[Crawled caption data]
══════
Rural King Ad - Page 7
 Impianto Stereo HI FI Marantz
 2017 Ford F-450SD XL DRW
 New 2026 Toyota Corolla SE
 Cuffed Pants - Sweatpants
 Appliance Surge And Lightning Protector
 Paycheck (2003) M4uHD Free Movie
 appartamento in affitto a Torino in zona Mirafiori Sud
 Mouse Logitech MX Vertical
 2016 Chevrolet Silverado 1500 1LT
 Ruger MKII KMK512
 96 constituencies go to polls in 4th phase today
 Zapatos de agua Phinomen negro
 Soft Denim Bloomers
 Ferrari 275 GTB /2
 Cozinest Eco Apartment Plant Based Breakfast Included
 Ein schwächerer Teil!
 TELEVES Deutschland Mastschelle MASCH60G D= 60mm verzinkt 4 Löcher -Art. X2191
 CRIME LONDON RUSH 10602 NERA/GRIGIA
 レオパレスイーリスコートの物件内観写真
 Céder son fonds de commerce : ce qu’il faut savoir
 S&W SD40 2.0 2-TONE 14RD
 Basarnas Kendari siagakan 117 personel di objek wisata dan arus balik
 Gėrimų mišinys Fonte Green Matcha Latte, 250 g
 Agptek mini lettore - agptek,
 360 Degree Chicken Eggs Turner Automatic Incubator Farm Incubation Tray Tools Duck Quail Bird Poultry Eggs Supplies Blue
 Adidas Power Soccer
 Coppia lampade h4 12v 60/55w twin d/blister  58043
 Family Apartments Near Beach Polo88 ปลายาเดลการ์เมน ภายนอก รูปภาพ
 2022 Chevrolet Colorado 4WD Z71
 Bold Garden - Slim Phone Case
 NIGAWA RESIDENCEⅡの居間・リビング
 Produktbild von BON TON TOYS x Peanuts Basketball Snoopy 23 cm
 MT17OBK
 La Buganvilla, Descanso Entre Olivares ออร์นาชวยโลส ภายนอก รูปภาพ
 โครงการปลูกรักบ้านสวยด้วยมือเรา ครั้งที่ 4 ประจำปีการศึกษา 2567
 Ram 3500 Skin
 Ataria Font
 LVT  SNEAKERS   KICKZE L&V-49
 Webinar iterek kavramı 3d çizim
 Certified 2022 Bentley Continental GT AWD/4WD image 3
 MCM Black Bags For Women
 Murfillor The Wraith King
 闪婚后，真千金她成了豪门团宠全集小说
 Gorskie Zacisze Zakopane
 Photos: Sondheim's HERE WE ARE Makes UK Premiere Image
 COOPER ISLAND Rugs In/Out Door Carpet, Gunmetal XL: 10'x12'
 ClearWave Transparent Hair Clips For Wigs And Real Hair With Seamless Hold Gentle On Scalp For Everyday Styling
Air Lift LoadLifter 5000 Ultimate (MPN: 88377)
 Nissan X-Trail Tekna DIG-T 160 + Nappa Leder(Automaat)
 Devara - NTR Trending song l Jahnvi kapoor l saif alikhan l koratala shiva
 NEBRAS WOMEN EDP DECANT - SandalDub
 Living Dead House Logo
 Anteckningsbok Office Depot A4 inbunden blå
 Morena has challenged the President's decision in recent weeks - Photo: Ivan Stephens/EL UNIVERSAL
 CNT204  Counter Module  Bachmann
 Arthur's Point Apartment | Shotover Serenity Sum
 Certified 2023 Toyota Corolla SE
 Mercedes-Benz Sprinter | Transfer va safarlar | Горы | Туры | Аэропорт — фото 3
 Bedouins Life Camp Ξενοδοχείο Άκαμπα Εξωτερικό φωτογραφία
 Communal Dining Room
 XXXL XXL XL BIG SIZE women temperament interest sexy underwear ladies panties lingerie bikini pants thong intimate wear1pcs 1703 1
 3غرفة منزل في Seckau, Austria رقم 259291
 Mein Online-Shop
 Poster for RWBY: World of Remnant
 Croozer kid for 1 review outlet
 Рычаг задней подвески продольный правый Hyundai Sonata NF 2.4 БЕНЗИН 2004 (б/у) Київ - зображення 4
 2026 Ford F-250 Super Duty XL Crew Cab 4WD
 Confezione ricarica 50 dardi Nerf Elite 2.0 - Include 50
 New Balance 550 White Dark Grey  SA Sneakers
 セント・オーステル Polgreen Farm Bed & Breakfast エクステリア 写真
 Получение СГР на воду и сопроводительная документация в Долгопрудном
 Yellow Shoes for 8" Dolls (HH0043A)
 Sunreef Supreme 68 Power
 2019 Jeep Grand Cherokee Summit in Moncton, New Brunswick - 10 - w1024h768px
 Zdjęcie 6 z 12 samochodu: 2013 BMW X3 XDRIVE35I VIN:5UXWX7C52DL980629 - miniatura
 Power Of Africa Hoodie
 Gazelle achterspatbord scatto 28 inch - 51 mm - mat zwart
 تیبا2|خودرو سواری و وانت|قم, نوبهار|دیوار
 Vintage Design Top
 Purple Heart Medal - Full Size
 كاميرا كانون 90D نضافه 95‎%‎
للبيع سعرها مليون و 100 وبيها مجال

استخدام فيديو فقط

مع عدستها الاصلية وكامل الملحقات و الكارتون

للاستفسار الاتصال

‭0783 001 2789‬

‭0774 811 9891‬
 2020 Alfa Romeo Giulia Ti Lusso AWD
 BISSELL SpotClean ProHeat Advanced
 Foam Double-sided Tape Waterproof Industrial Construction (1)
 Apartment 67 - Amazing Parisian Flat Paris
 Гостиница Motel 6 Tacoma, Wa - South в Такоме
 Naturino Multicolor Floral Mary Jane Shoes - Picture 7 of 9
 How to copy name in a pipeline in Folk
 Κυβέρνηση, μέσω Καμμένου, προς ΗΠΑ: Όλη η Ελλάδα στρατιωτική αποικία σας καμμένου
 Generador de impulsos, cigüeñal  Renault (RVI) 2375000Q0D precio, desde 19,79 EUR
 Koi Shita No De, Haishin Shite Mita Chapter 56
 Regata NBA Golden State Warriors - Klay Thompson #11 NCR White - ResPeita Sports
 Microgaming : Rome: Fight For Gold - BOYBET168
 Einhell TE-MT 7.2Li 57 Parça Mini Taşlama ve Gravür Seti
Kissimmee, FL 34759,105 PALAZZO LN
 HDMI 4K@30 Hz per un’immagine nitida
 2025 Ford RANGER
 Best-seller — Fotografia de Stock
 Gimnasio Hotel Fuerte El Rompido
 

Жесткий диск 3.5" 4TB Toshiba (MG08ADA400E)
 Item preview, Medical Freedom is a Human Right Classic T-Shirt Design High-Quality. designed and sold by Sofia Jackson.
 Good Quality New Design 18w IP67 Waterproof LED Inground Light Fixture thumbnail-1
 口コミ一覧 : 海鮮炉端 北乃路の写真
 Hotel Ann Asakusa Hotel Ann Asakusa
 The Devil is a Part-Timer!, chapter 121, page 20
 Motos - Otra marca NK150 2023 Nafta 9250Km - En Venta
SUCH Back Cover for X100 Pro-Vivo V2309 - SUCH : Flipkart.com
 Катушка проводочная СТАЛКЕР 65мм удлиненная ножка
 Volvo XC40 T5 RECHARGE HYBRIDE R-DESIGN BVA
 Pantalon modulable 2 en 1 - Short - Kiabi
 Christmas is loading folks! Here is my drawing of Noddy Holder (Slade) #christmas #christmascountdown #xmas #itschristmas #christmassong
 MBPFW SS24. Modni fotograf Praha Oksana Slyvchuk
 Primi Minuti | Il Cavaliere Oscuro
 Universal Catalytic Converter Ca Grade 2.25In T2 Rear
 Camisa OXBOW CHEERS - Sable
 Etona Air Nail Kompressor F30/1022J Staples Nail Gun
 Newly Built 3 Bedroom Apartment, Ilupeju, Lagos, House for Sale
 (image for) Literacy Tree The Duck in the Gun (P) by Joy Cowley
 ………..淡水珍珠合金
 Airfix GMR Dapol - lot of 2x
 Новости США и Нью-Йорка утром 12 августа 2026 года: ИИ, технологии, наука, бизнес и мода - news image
══════
Problem details: Of the entries above, repeat exactly the lines between the line with "Photos: Sondheim's HERE" and the line with "Air Lift LoadLifter", inclusive, and no others.

Response area:
 Photos: Sondheim's HERE WE ARE Makes UK Premiere Image
 COOPER ISLAND Rugs In/Out Door Carpet, Gunmetal XL: 10'x12'
 ClearWave Transparent Hair Clips For Wigs And Real Hair With Seamless Hold Gentle On Scalp For Everyday Styling
Air Lift LoadLifter 5000 Ultimate (MPN: 88377)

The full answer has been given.